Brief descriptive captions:
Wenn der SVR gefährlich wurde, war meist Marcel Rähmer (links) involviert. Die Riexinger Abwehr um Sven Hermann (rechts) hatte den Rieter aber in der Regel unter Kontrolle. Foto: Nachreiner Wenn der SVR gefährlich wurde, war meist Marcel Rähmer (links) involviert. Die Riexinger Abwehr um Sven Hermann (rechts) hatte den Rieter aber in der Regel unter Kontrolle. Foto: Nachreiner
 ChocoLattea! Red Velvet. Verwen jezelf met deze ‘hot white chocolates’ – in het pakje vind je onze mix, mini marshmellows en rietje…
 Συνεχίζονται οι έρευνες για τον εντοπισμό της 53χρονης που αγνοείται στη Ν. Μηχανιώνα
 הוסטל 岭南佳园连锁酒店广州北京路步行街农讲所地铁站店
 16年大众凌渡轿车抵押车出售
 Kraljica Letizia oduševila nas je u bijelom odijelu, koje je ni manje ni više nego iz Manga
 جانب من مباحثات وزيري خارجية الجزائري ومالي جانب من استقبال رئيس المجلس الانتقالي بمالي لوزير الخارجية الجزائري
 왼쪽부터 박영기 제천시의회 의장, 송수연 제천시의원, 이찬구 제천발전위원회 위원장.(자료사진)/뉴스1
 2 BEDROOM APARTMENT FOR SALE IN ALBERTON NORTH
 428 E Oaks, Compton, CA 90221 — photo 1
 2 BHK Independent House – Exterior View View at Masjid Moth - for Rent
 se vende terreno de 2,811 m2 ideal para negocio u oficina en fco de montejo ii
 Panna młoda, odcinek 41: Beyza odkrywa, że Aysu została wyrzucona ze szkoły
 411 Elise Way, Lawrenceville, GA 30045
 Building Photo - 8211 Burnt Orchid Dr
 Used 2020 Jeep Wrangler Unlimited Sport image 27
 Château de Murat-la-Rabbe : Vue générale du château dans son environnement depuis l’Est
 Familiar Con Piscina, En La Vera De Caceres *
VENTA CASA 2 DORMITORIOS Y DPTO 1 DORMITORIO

PROBLEM DESCRIPTION :: Return the lines above exactly, keeping every word.

YOUR SOLUTION ::
Wenn der SVR gefährlich wurde, war meist Marcel Rähmer (links) involviert. Die Riexinger Abwehr um Sven Hermann (rechts) hatte den Rieter aber in der Regel unter Kontrolle. Foto: Nachreiner Wenn der SVR gefährlich wurde, war meist Marcel Rähmer (links) involviert. Die Riexinger Abwehr um Sven Hermann (rechts) hatte den Rieter aber in der Regel unter Kontrolle. Foto: Nachreiner
 ChocoLattea! Red Velvet. Verwen jezelf met deze ‘hot white chocolates’ – in het pakje vind je onze mix, mini marshmellows en rietje…
 Συνεχίζονται οι έρευνες για τον εντοπισμό της 53χρονης που αγνοείται στη Ν. Μηχανιώνα
 הוסטל 岭南佳园连锁酒店广州北京路步行街农讲所地铁站店
 16年大众凌渡轿车抵押车出售
 Kraljica Letizia oduševila nas je u bijelom odijelu, koje je ni manje ni više nego iz Manga
 جانب من مباحثات وزيري خارجية الجزائري ومالي جانب من استقبال رئيس المجلس الانتقالي بمالي لوزير الخارجية الجزائري
 왼쪽부터 박영기 제천시의회 의장, 송수연 제천시의원, 이찬구 제천발전위원회 위원장.(자료사진)/뉴스1
 2 BEDROOM APARTMENT FOR SALE IN ALBERTON NORTH
 428 E Oaks, Compton, CA 90221 — photo 1
 2 BHK Independent House – Exterior View View at Masjid Moth - for Rent
 se vende terreno de 2,811 m2 ideal para negocio u oficina en fco de montejo ii
 Panna młoda, odcinek 41: Beyza odkrywa, że Aysu została wyrzucona ze szkoły
 411 Elise Way, Lawrenceville, GA 30045
 Building Photo - 8211 Burnt Orchid Dr
 Used 2020 Jeep Wrangler Unlimited Sport image 27
 Château de Murat-la-Rabbe : Vue générale du château dans son environnement depuis l’Est
 Familiar Con Piscina, En La Vera De Caceres *
VENTA CASA 2 DORMITORIOS Y DPTO 1 DORMITORIO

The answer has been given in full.